On June 18, 2025, traders were busy on the floor of the New York Stock Exchange (NYSE) as U.S. stocks experienced an uptick. The market rallied as investors reacted to the latest Federal Reserve policy on interest rates while keeping an eye on ongoing developments in the Middle East.
The Dow Jones Industrial Average increased by 102 points, or 0.2%. Similarly, the S&P 500 also rose by 0.2%, and the Nasdaq Composite edged up by 0.3%. The Federal Reserve opted to maintain its key interest rate on Wednesday, leaving it unchanged at a range of 4.25% to 4.5%, a position it has held since December.
However, the central bank did adjust its forecasts, lowering its growth outlook and raising its inflation projections for 2025 while still anticipating two more cuts within the year.
In the backdrop of stock market fluctuations, President Donald Trump informed reporters outside the White House that Iran had expressed interest in sending a delegation to Washington for negotiations. This announcement contributed to a dip in oil prices and a positive shift in stock valuations. “They want to negotiate,” Trump remarked. “They even suggested that they come to the White House. That’s courageous. It’s like not easy for them to do.”
Earlier in the week, market sentiments were dampened by escalating tensions between Israel and Iran. The conflict, which has now persisted for six days, escalated further when Iran’s supreme leader, Ayatollah Ali Khamenei, declared that Iran would not capitulate and threatened that the U.S. would face “irreparable damage” if it intervened.

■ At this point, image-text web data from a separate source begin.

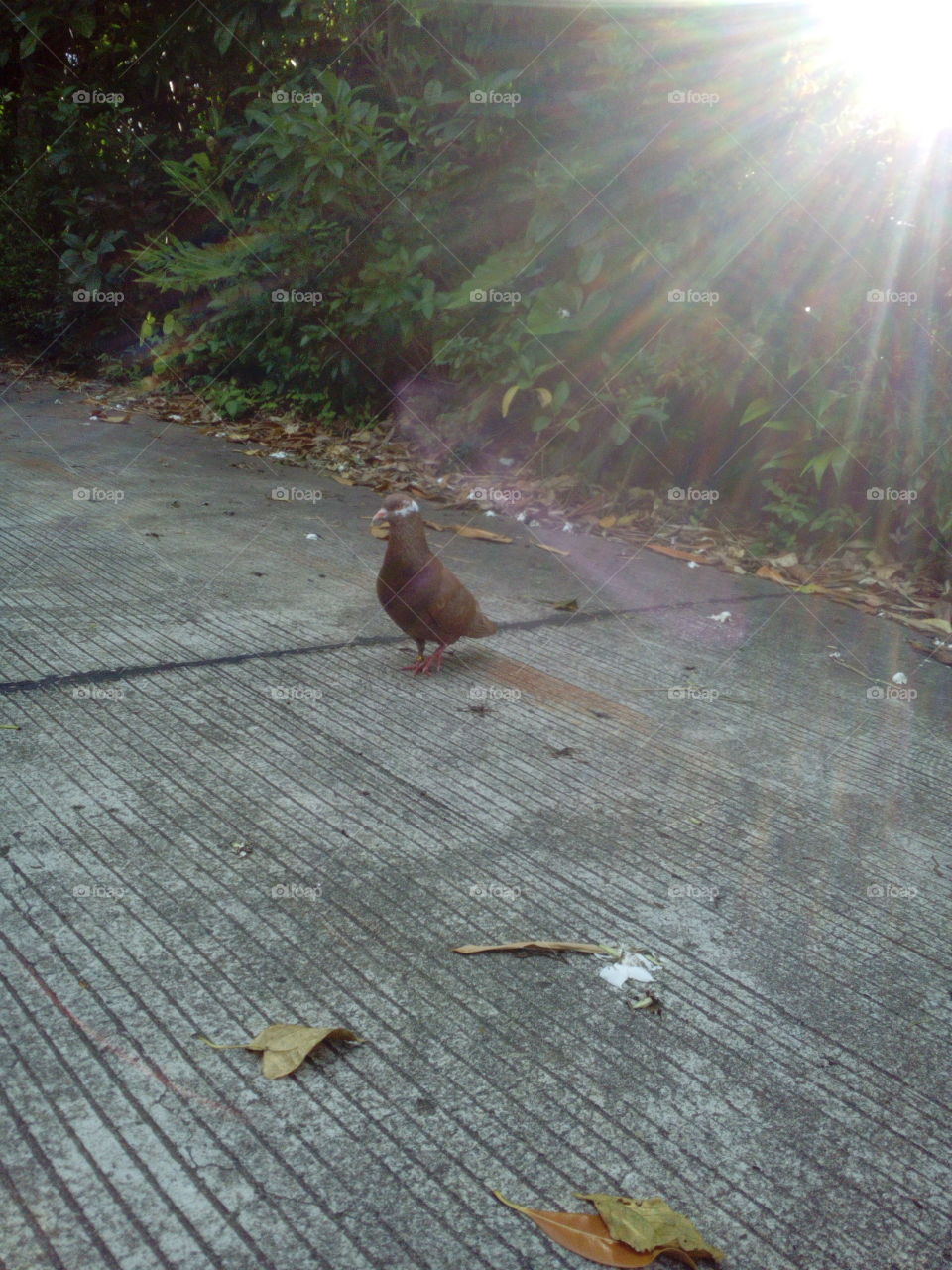 Pigeon in the sunshine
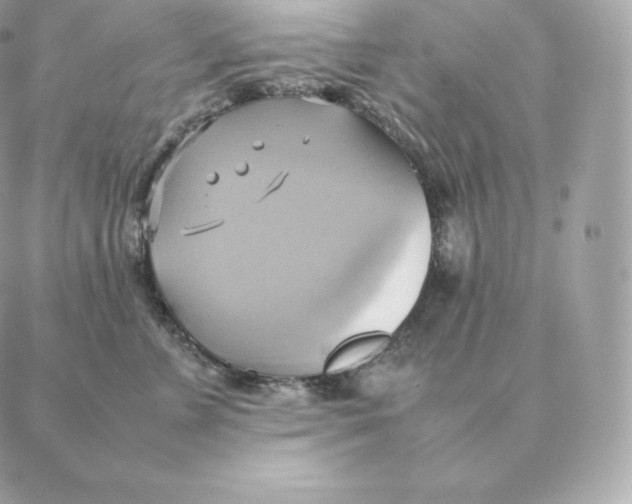 X0000088210715200706051257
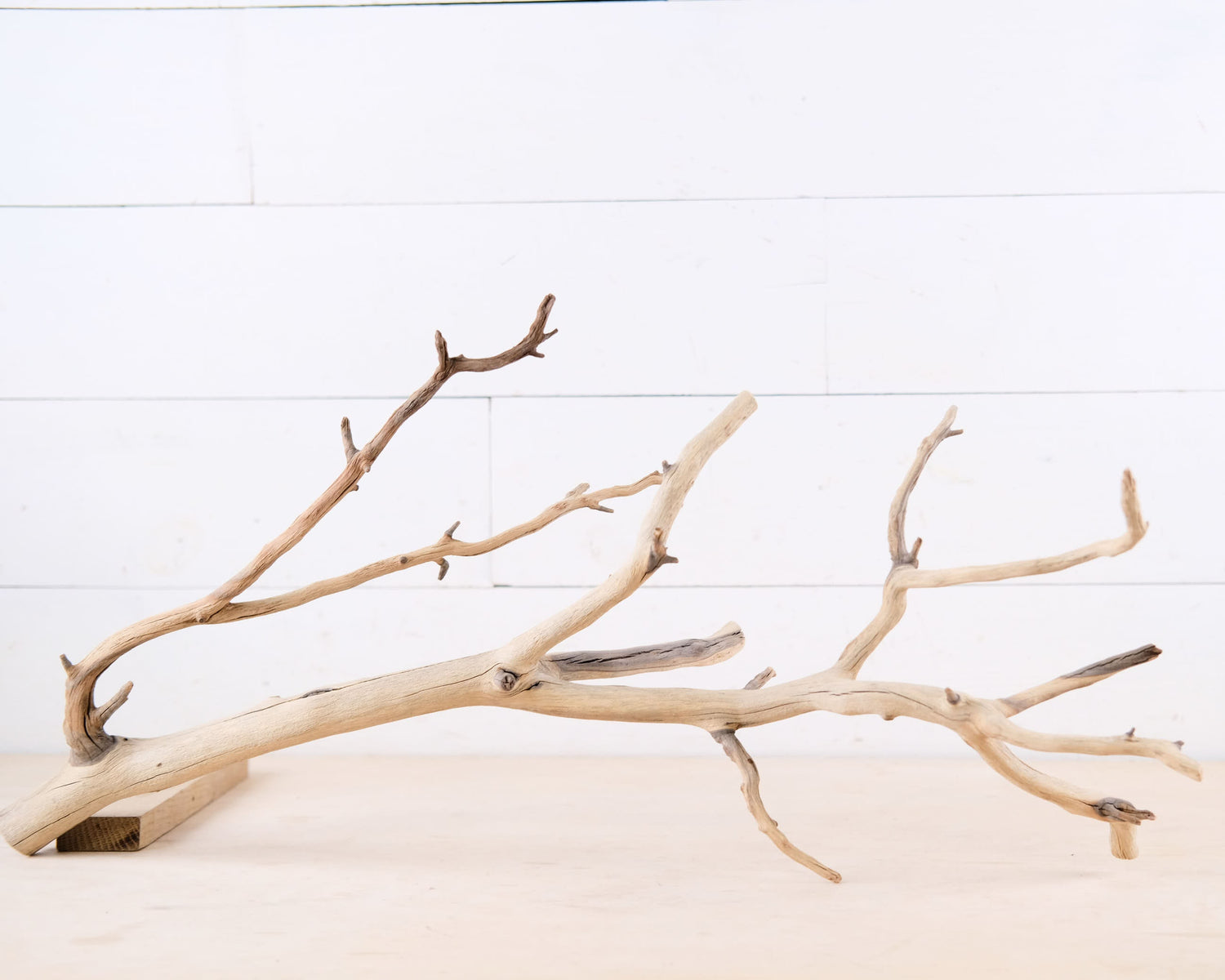Manzanita 27" Branch, Aquarium Driftwood, Aquascape Centerpiece, Reptile Terrarium Climb, Gecko Perch, Tree Frog Branch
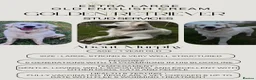 Golden Retriever dogs for stud: XL Old English Cream Golden Retriever STUD - Advert 3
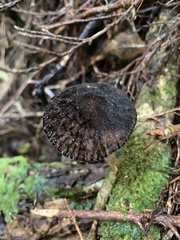 Pluteus perroseus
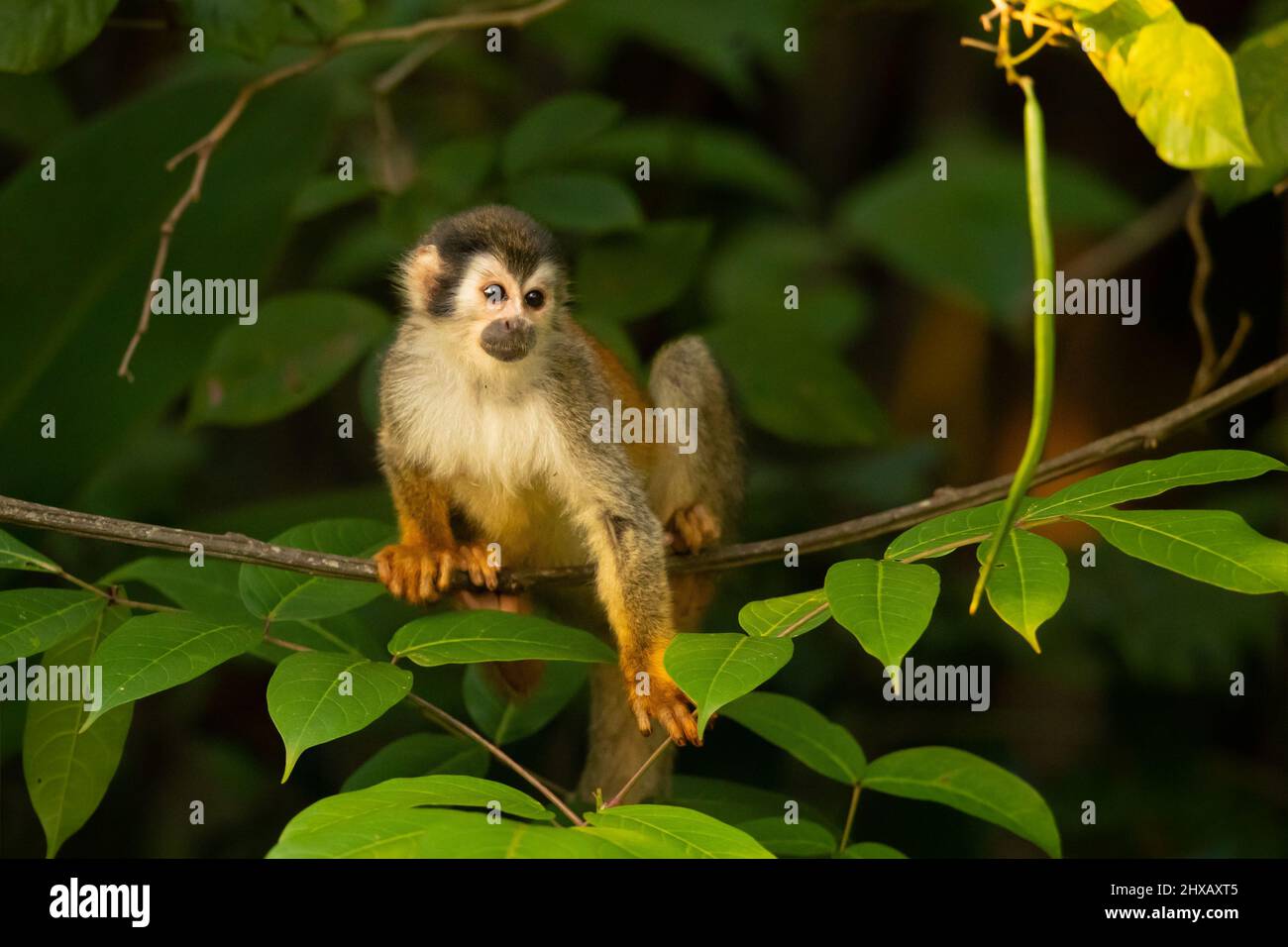 Singe écureuil d'Amérique centrale (Saimiri oerstedii), également connu sous le nom de singe écureuil à dos rouge Banque D'Images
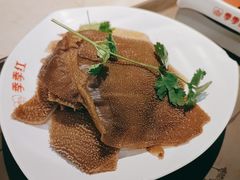 -季季红火锅(动壹店)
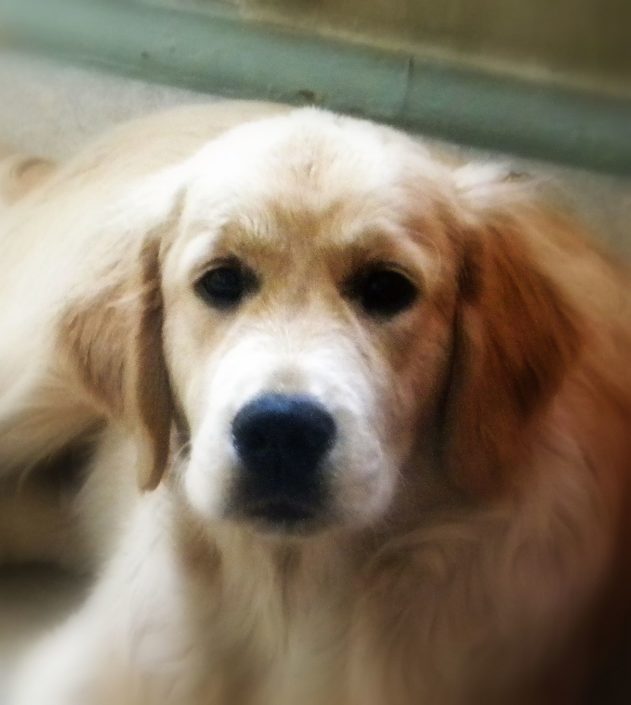 monty 2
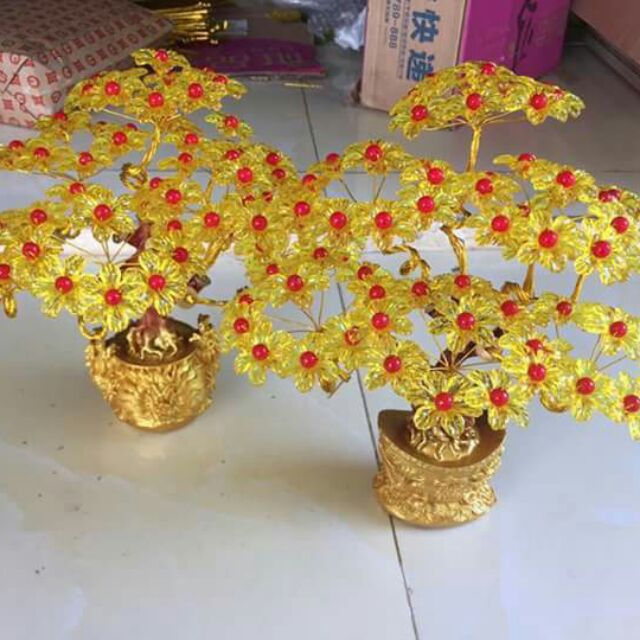 Cây tài lộc vàng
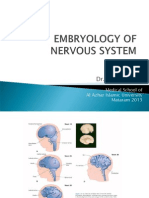 EMBRYOLOGY OF NERVOUS SYSTEM New13
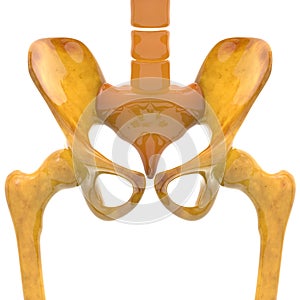 Human Skeleton Hip and Pelvis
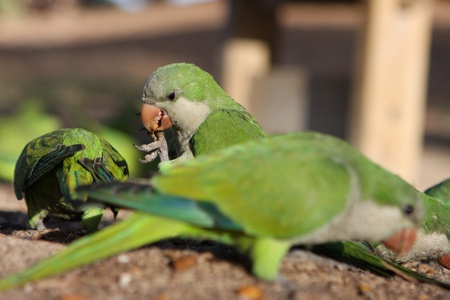 Three green little parrots eatingの写真素材
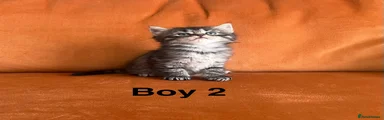Fluffy tabby (boy 2)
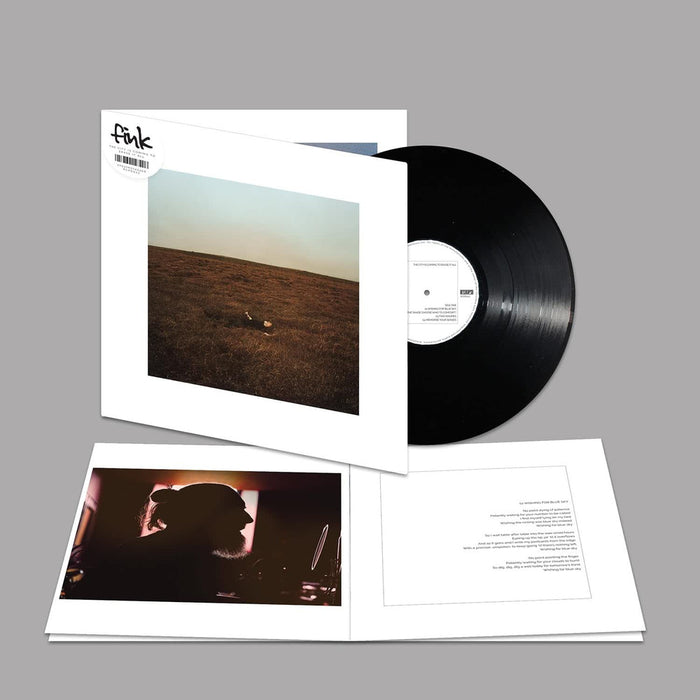 Fink The City Is Coming To Erase It All Viny LP Due Out 05/06/26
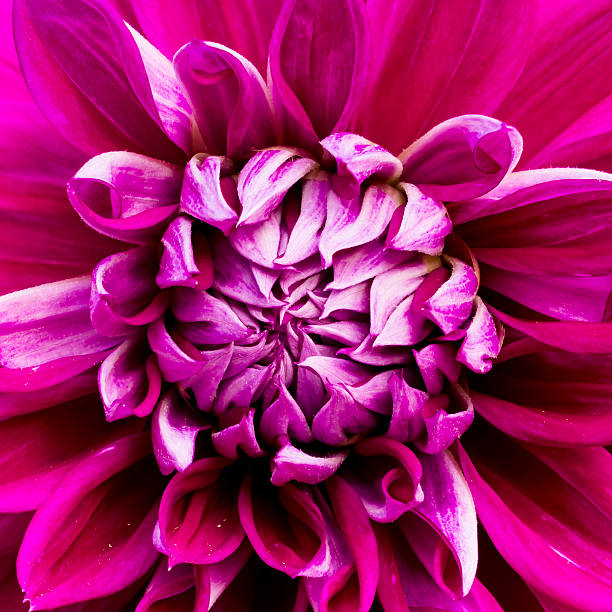 istock Close-up pink flower 465918887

This follows Trump’s address on his Truth Social platform, where he threatened the Iranian leader, stating that “our patience is wearing thin” and demanding “UNCONDITIONAL SURRENDER!” Reports have surfaced from current and former administration officials indicating that Trump is considering various options regarding Iran, including the possibility of a military strike.
Market analysts have noted that investors appear eager to mitigate geopolitical risks. Zachary Hill, head of portfolio management at Horizon Investments, commented to CNBC, “The market just seems very keen to fade geopolitical risk. That has been historically the right thing to do, so I think that’s kind of what’s driving us so far today.”